- Exercise goal: Your copy of the entries must be exact, and it must not include the pictures.

Extracted information START

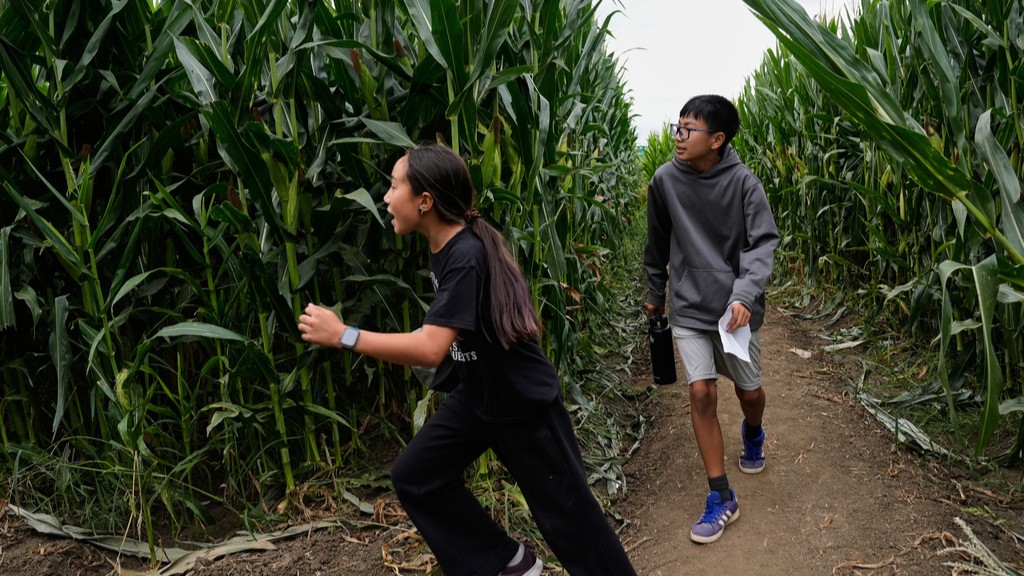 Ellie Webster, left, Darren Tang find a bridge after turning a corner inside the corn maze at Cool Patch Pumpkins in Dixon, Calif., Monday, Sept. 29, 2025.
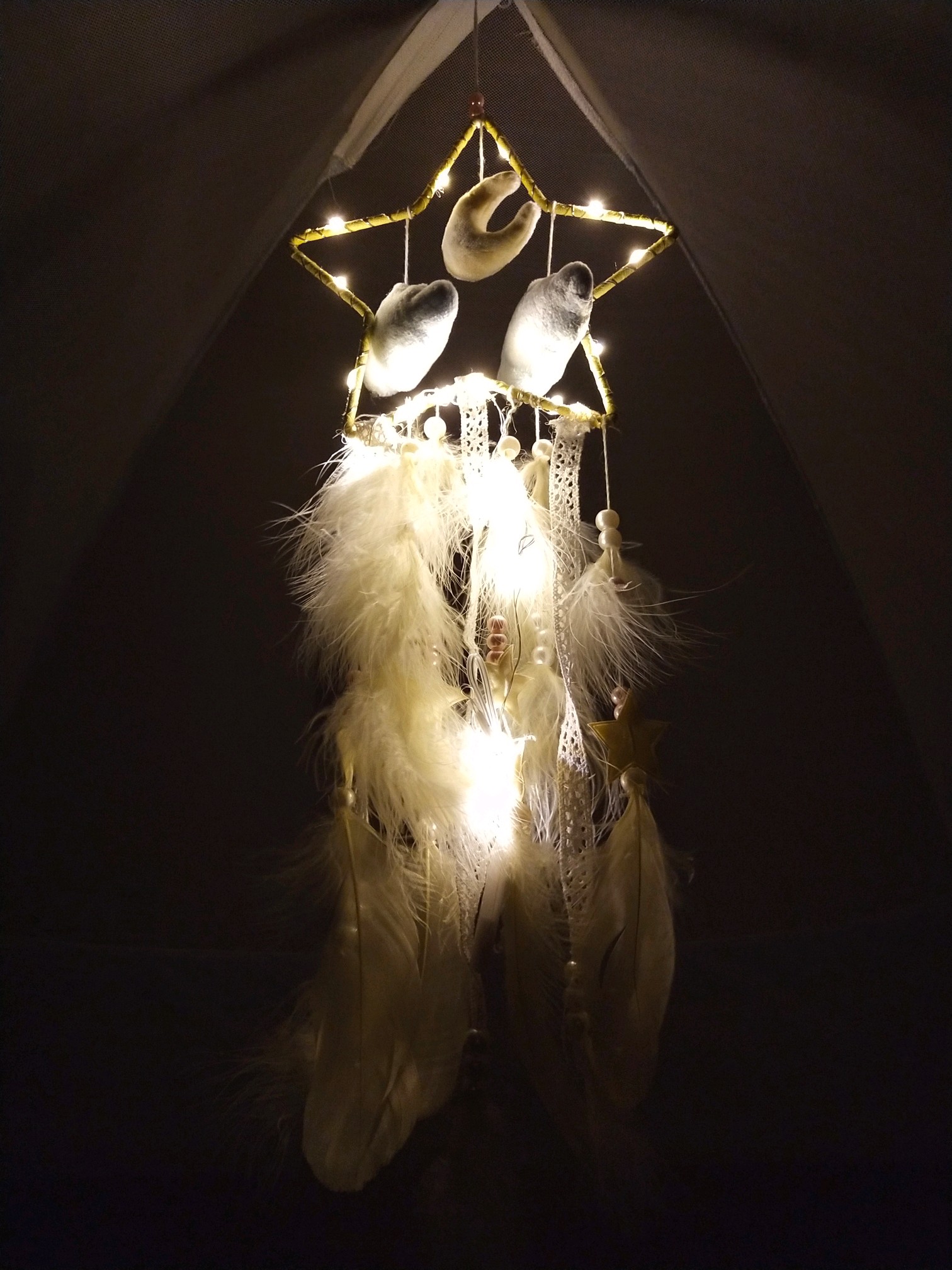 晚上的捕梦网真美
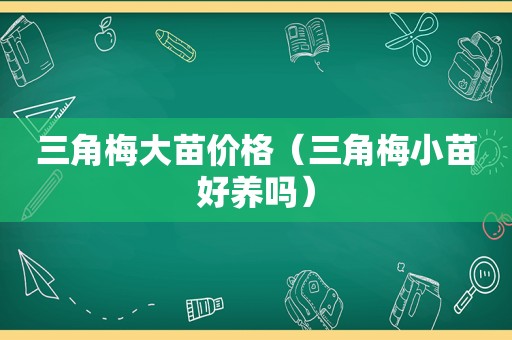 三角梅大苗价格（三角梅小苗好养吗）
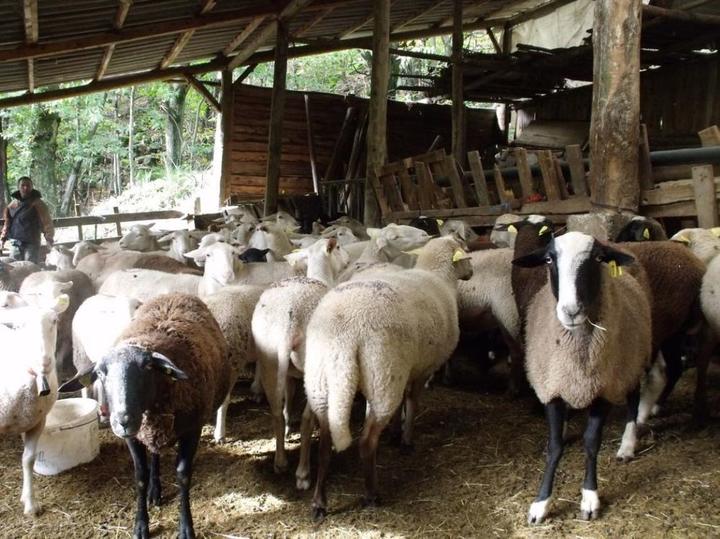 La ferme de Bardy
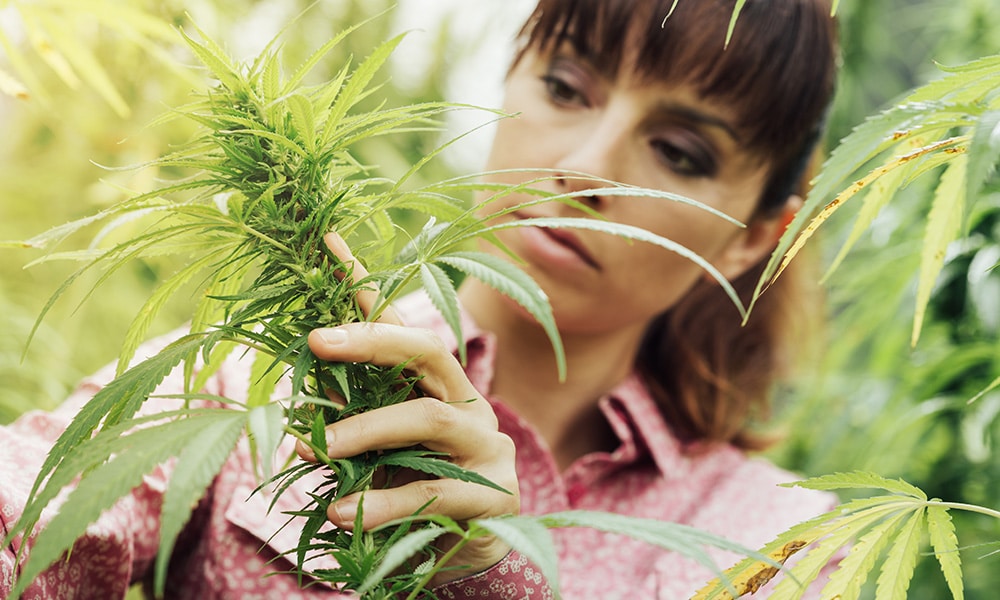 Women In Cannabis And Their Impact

Extracted information END

- Written solution:
 Ellie Webster, left, Darren Tang find a bridge after turning a corner inside the corn maze at Cool Patch Pumpkins in Dixon, Calif., Monday, Sept. 29, 2025.
 晚上的捕梦网真美
 三角梅大苗价格（三角梅小苗好养吗）
 La ferme de Bardy
 Women In Cannabis And Their Impact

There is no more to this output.